In die Berghänge eingebettet liegt Altenau und in der Ferne ragt eine Gesteinsformation hoch empor, die Wolfswarte. Auf diese Höhe soll es hinauf gehen? Doch gemach, die Wanderung nutzt auf einem Großteil der Strecke den komfortablen Verlauf des Dammgrabens zur Überlistung des Höhenunterschiedes.
Nach einem Viertelstündchen sehen wir es auf einer stillen Waldwiese vor uns; das Polsterberger Hubhaus ist heute eine gemütliche Waldgaststätte und jedes Jahr zu Pfingsten der Treffpunkt für tausende zum Oberharzer Heimattreffen. Einst diente es dem Wärter der Hubkunst zur Wohnung. Hier nämlich wurde das Wasser des Dammgrabens um 18 m zum Alten Tränkegraben gehoben, durch den es dann dem Jägersbleeker Teich zufloss. Das heben besorgte eine „Hubkunst“, wir würden sagen: eine Pumpe. Zum Heben brauchte man natürlich auch Wasser, nahm dazu aber beileibe nicht das mit dem Dammgraben mühsam herangeführte. Ganz unten im Tale drehten sich am Polstertaler Teich zwei Wasserräder. Hölzerne „Feldgestänge“ von zusammen über 700 m Länge übertrugen, ähnlich den Pleueln einer Dampfmaschine, die Kraft den Berg hinauf. 1801 wurde diese technische Lösung erfunden, 1909 wurde sie durch eine elektrische Pumpe ersetzt.
Es geht weiter auf dem 10-H-Weg, der jetzt den alten Tränkegraben begleitet. Wir wandern auf dem Jägersbleeker Teich zu. Den kennen wir schon. Darum zweigen wir, wo eine Forststraße den Weg kreuzt, nach links ab. Immer geradeaus, den 9-A-Weg kreuzen, stoßen wir nach etwa 1,5 km auf die Bundesstraße, gehen nach rechts etwa 500 m an ihr entlang, bis an der gegenüberliegenden Seite ein Parkplatz auftaucht. Hier überquert der Obere Kehrzug-Graben die Straße zum Hirschler Teich hin.

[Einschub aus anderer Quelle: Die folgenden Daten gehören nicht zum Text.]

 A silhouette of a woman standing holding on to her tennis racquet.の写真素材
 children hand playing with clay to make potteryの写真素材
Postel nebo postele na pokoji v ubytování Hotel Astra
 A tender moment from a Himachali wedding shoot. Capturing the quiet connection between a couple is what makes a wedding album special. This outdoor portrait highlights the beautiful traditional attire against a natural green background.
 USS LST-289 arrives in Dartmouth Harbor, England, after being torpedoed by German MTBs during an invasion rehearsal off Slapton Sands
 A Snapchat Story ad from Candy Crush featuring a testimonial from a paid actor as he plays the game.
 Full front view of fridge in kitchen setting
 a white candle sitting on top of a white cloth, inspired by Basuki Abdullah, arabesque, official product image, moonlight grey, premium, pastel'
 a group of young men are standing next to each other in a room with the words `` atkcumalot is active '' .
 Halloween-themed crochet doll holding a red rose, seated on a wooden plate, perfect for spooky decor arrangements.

Auf dem Parkplatz beginnen mehrere Forststraßen. Wir nehmen die links aufwärts steigende. Wir kommen vorbei am Innerstesprung, einem winzigen Stauteich, in dem die Innerste, einer der größten Harzflüsse, wenige Meter nach Ihrer Quelle das erste mal gestaut wird. Sechs mal wird Ihr dies allein auf dem Clausthaler Hochplateau noch geschehen. Wald umfängt uns auf dem flachen Buckel des Kehrzugs. Ehe die Forststraße hinab ins Huttal geht, zweigen wir links ab, denn unser nächstes Ziel ist die Huttaler Widerwaage. Wir finden einen geräumigen Platz in einer Talmulde, ein Staubecken, war hinter das Mundloch des Wasserlaufs, eine Abfallrösche, über die gefährlicher Wasserüberschuss zu Tale stürzte, und dem Beginn des Huttaler Grabens.

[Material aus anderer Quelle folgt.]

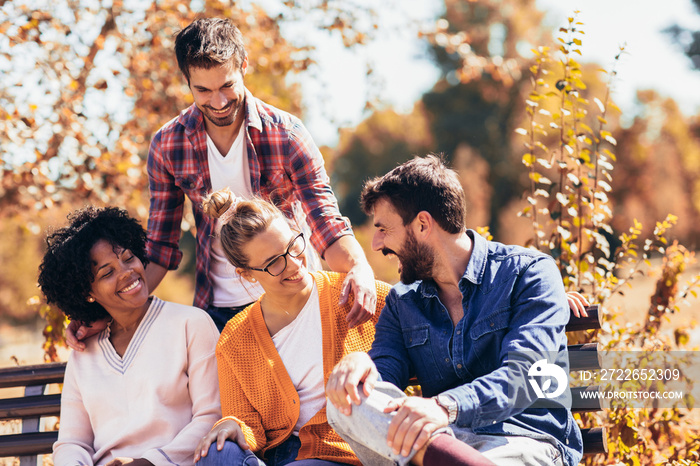 Group of young people having fun outdoors on park bench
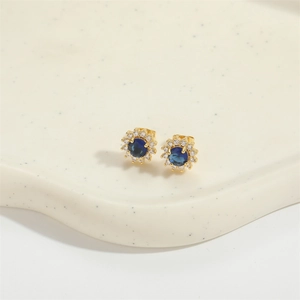 Detailed close-up of golden sunflower stud earrings with blue zircon and pavé halo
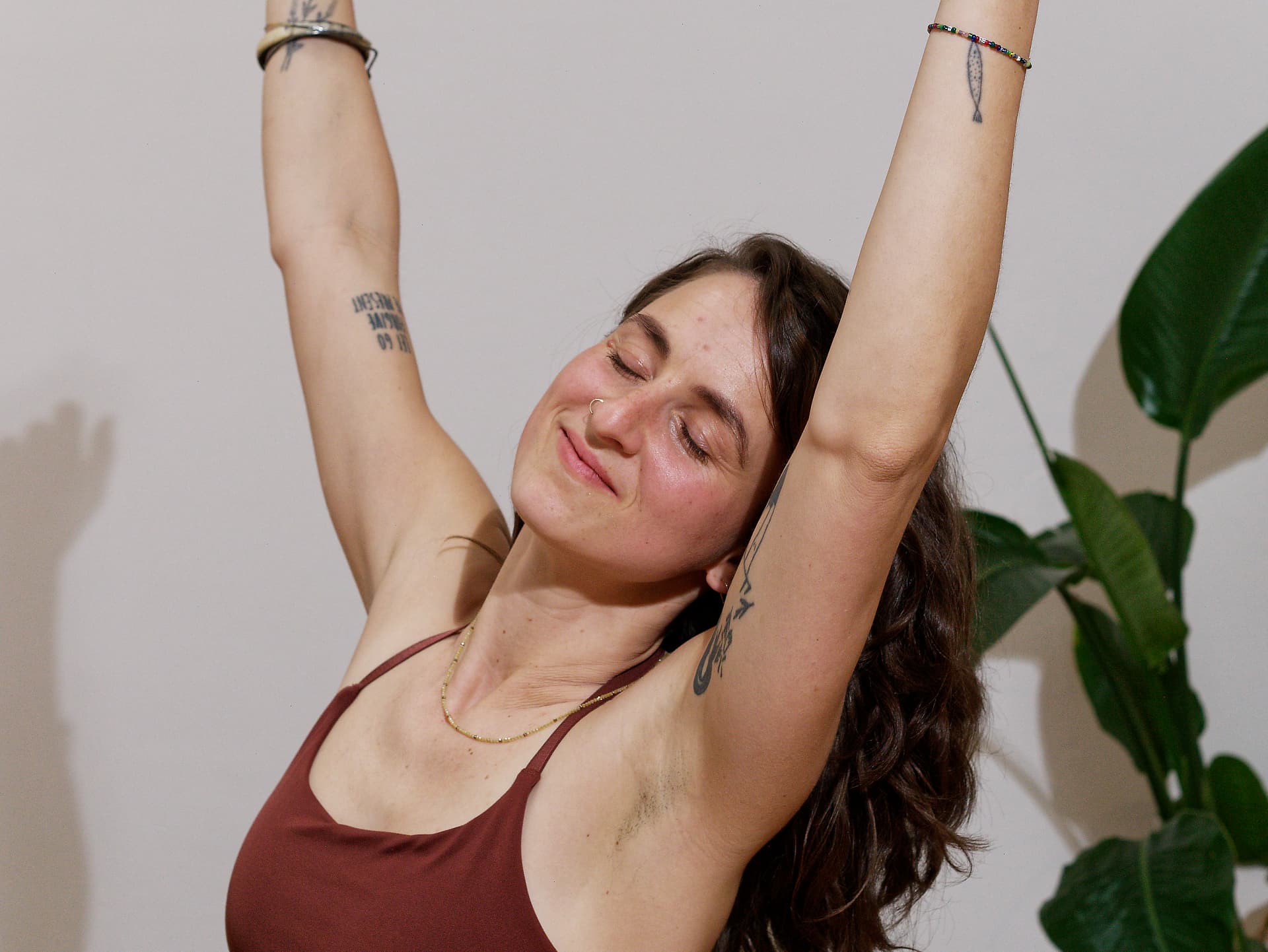 Woman stretching with arms raised, smiling indoors.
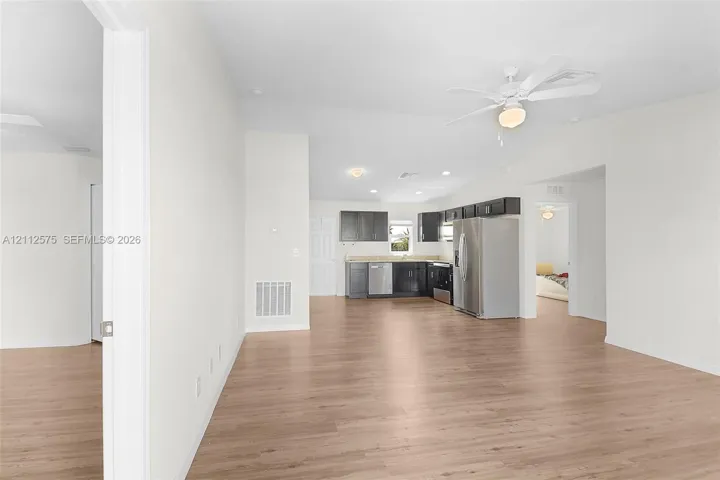 Open-concept interior featuring light wood-finish flooring, vaulted ceilings with a mounted paddle fan, and a kitchen equipped with dark-toned cabinetry, light-colored countertops, and stainless steel appliances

Wir sind hier nicht mehr im Einzugsgebiet der Innerste oder der Oker, sondern der Söse. Und wir erinnern uns: Der Wasserlauf geht hin zum Hirschler Teich, der Graben ist totsöhlig, d.h. total eben. Das Wasser konnte in beide Richtungen fließen. Eine Hinweistafel an dem kleinen Platz gibt ausführliche Auskunft. Wir begleiten den Graben im weiten Bogen am südlichen Sonnenhang über das Huttal entlang mit wunderschöner Aussicht. Am Talschluss geht der Weg über den Damm eines früheren Teiches.
Von der anderen Seite brachte der jetzt verfallene Schwarzenberger Graben weitere Wasser heran. Beide zusammen gingen nahe dem Teich in den Schwarzenberger Wasserlauf der diese „südlichen“ Gewässer unter der Wasserscheide hindurch zum schon erwähnten Kautztaler Graben dachte.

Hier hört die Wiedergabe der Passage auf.